État d’urgence sanitaire et régime transitoire de sortie de l’état d’urgence sont bien « deux régimes d’exception », estiment les députés LR, qui pourraient être décidés « sans plus aucune intervention du Parlement ». « Le Parlement ne peut pas être mis à l’écart d’une crise, aussi importante soit-elle », écrivent les députés, qui s’appuient ici sur la Constitution, qui prévoit que même en cas d’état de siège, le Parlement doit tout de même se réunir. Le Parlement est donc « muselé »  sur ce sujet, selon ces députés : « Pendant huit mois et demi, un premier puis un second régime d’exception pourront s’appliquer, l’un chassant l’autre, mais tous deux attentatoires aux libertés publiques, sans que le Parlement n’ait à en connaître, à en apprécier l’opportunité et surtout à en autoriser son application. » 

Les députés signataires de la saisine n’ignorent pas que le Conseil constitutionnel s’est déjà prononcé plusieurs fois sur ces sujets et a validé les précédents textes nés de la crise sanitaire, au nom de l’objectif constitutionnel de protection de la santé. Mais ils rappellent que les Sages ont de façon constante estimé que « c’est au législateur », c’est-à-dire au Parlement, d’assurer la « conciliation »  entre cet objectif et le respect des droits et libertés. 
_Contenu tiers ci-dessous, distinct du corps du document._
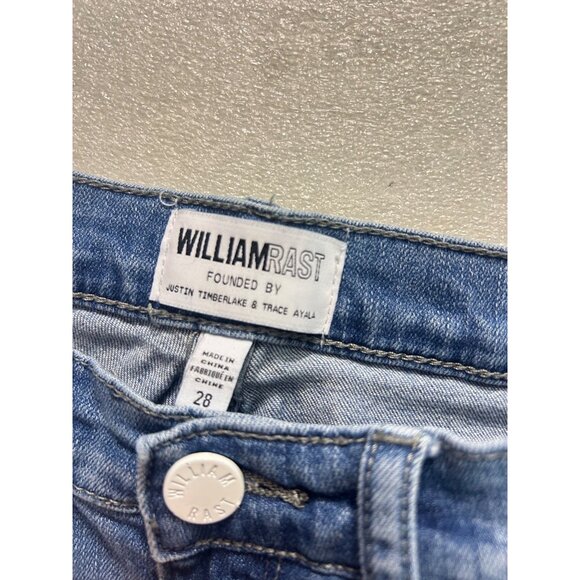 WILLIAM RAST Floral Embroidered Ankle Skinny Jeans Size 28 - Picture 7 of 7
Une situation qui a changé

Les députés insistent plusieurs fois sur la différence de situation entre mars 2020 (le début de l’épidémie) et maintenant : en mars 2020, « la sidération et la propagation de l’épidémie ont pleinement justifié la possibilité pour le Premier ministre de prendre des mesures attentatoires aux droits et libertés constitutionnellement garantis » . Mais aujourd’hui, la présence de masques en nombre suffisants et surtout l’important taux de vaccination (87 % de la population éligible) rendent les choses différentes aux yeux des députés, qui estiment que les dérogations au régime de droit commun en matière de libertés ne doivent pas devenir la règle. 

L’argument de la campagne électorale ne tient pas aux yeux de l’opposition : « S’il devait arriver un rebond de l’épidémie, le gouvernement aurait tout à fait la possibilité de consulter à nouveau le Parlement pour solliciter une nouvelle prolongation du régime transitoire, (…) le Parlement ayant déjà montré sa réactivité à légiférer dans des délais extrêmement contraints ». Rien n’empêche, de plus, le Parlement de se réunir après la date du 27 février 2022 – qui marquera le début de la vacance parlementaire. Car « vacance »  ne signifie pas « fin du mandat » : le mandat des députés court bien jusqu’en juin 2022. 

Secret médical

Enfin, les députés LR s’opposent avec vigueur à la mesure décidée par le gouvernement et la majorité consistant à permettre aux directeurs d’école d’accéder aux données vaccinales des élèves et à leur statut virologique. Il s’agit pour eux « d’une violation du secret médical »  et « d’une dérogation massive au respect de la vie privée des personnes ». « Le principe du secret médical est absolument intangible, écrivent les députés. Seuls les médecins sont dépositaires de celui-ci. » 

Et l’opposition ne se prive pas de rappeler qu’en juin dernier, les Sages avaient déjà censuré une disposition ouvrant l’accès aux données médicales des agents de la fonction publique à leurs employeurs. 

De plus, les députés LR notent que cette disposition a été introduite dans le texte par amendement, ce qui signifie qu’elle n’a pas été examinée par le Conseil d’État. Et que la Cnil elle-même n’a pas été consultée sur un sujet entrant pourtant pleinement dans le champ de ses compétences. 

Le Conseil constitutionnel n’a pas encore communiqué sur la date à laquelle il rendra sa décision. Le temps presse, puisque les dispositions sur le pass sanitaire prévues par la loi du 5 août prennent fin lundi prochain.